Influence of Changes in Blood Pressure on Cerebral Oxygenation: Role of Skin Blood Flow?
To the Editor:
We read with interest the report from Lucas et al1 in the recent issue of Hypertension. We agree with the findings presented on cerebral blood flow with transcranial ultrasound Doppler, but we propose an alternative interpretation of the cerebral oxygenation data. As pointed out by the authors, at rest and under normal conditions, near-infrared spectroscopy (NIRS) monitors cerebral oxygenation faithfully. Also, current NIRS devices are spatially resolved and should distinguish between the differences in absorption of photons returning from deep rather than superficial tissue. Thus, their findings may, as noted, be explained by cerebral vasoconstriction or dilation introduced by the pharmaceutical agents. This is, however, debated, and little evidence suggests a direct role of nitroprusside or phenylephrine on the cerebral vasculature,2 although it cannot be ruled out. On the other hand, changes in skin blood flow are significant to the NIRS signal. Davis et al3 report that the NIRS-derived oxygenation obtained over the vastus lateralis muscle varies in direct proportion to laser Doppler-derived skin blood flow under conditions where muscle blood flow is not expected to change. Their findings strongly imply that, even with spatial resolved NIRS, changes in skin blood flow influence the NIRS signal. Therefore, manipulation of mean arterial pressure and, in turn, cerebral perfusion pressure with nitroprusside or phenylephrine may inadvertently influence NIRS measurements of cerebral oxygenation, because it well known that these agents affect skin blood flow directly.4,5⇓ Nitroprusside has been shown to increase skin blood flow,4 whereas phenylephrine decreases skin blood flow.5 As light emitted from the NIRS device travels through the skin, these findings may directly explain the seemingly puzzling differences in the response to pharmaceutical-induced changes in mean arterial pressure between cerebral oxygenation and blood flow findings.1 We, therefore, propose that future studies examining cerebral oxygenation involving vasopressor or dilator agents quantify skin blood flow for interpretation of the data.
Sources of Funding
P.R. and C.L. were supported by the Zurich Centre for Integrative Human Physiology.

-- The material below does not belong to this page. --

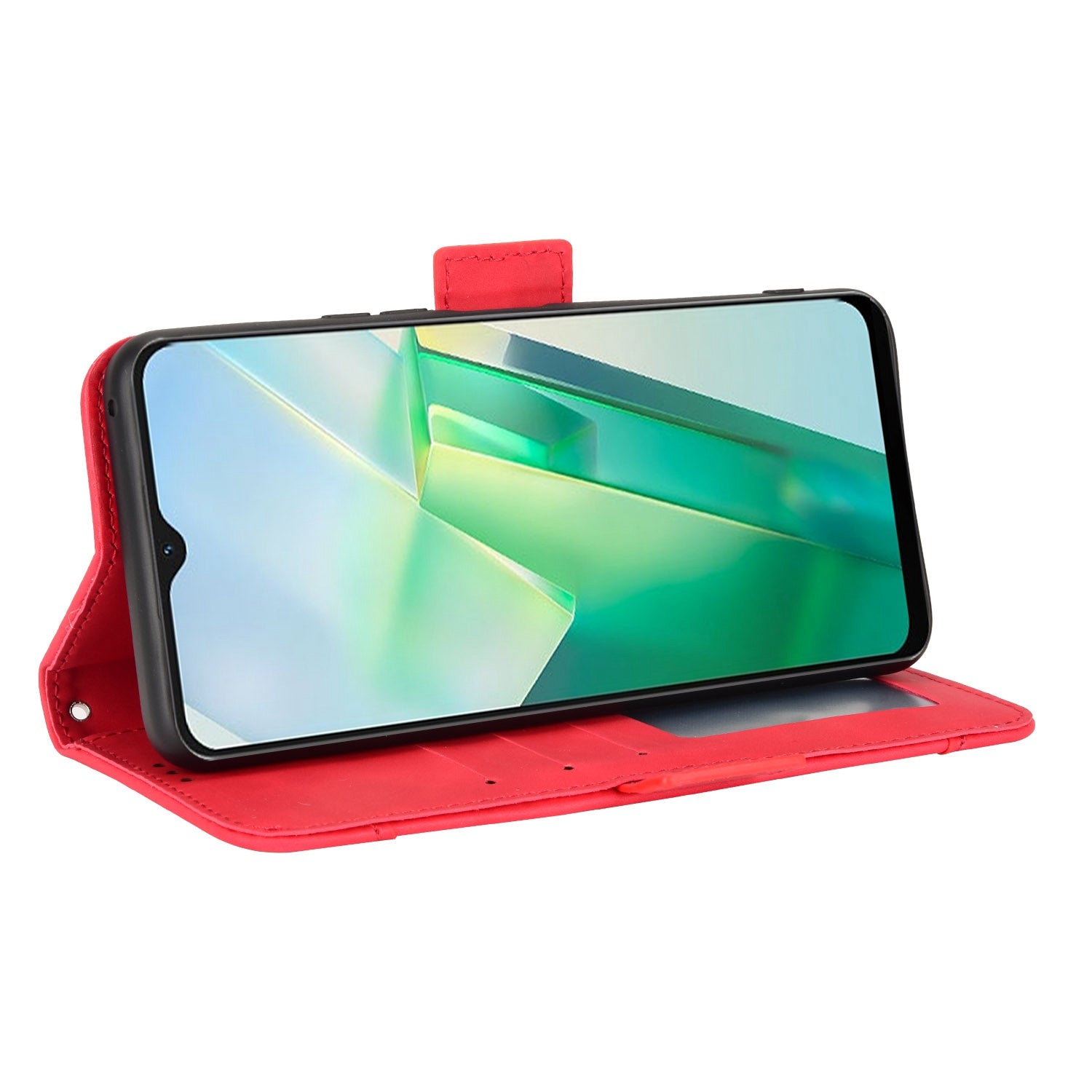 For vivo T2x 5G Stand Feature Multiple Card Slots Case PU Leather Wallet Magnetic Clasp Drop-proof Shell - Red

Lucas SJ, Tzeng YC, Galvin SD, Thomas KN, Ogoh S, Ainslie PN. Influence of changes in blood pressure on cerebral perfusion and oxygenation. Hypertension. 2010; 55: 698–705.
Davis SL, Fadel PJ, Cui J, Thomas GD, Crandall CG. Skin blood flow influences near-infrared spectroscopy-derived measurements of tissue oxygenation during heat stress. J Appl Physiol. 2006; 100: 221–224.
Silverman DG, Jotkowitz AB, Freemer M, Gutter V, O'Connor TZ, Braverman IM. Peripheral assessment of phenylephrine-induced vasoconstriction by laser Doppler flowmetry and its potential relevance to homeostatic mechanisms. Circulation. 1994; 90: 23–26.